The news about the Vatican came alongside broader revelations about the state of software piracy. Speaking at the London Games Conference this week, Football Manager 2013 developer Miles Jacobson told the audience that his team had secretly inserted code that would automatically track the IP addresses of anyone using a pirated copy. The numbers are startling: 10.1 million illegal downloads of the game have been detected thus far.
Of those illegal copies, China unsurprisingly leads the pack with 3.2 million, followed by Turkey (1.05 million), and Portugal (781,785). Perhaps most interestingly, of Italy’s roughly 547,000 illegal downloads, at least one was tracked to the internal IP addresses used by the Vatican.
The entire exercise was intended to educate, not prosecute, but Mr. Jacobson’s approach has been reasonable. Unlike major publishers who frequently count every pirated copy as a lost sale, the Football Manager team realizes that such an analysis is “ridiculous.” Mr. Jacobson revealed that, according to their data, only 1.74 percent of those who pirated the game would have bought it if piracy was not an option. Still, with over 10 million illegal downloads, that 1.74 percent equates to about $3.7 million in potentially lost revenue.

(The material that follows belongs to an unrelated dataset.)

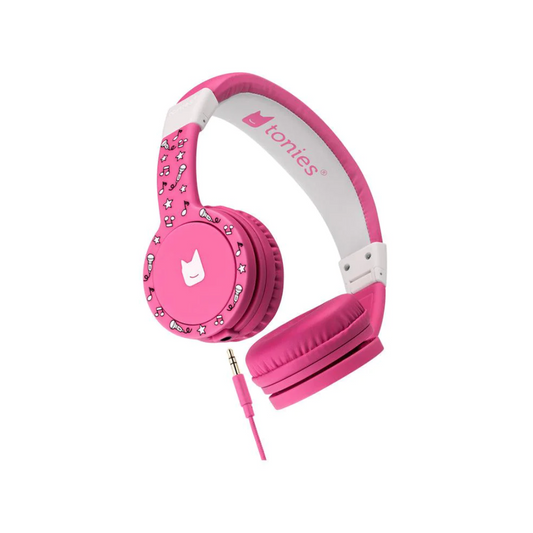 Tonies Foldable Headphones | Pink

“Crackers are going to crack and people will download,” Mr. Jacobson said, admitting that there’s little that can be done about piracy without draconian DRM that punishes legitimate purchasers. But he hoes that the data collected by his team will help other publishers understand and anticipate the effect that piracy may have on their products.
As for the unknown downloader inside the Vatican, it seems some penance is in order. Start with three Hail Mary’s and four Our Fathers, then we’ll talk.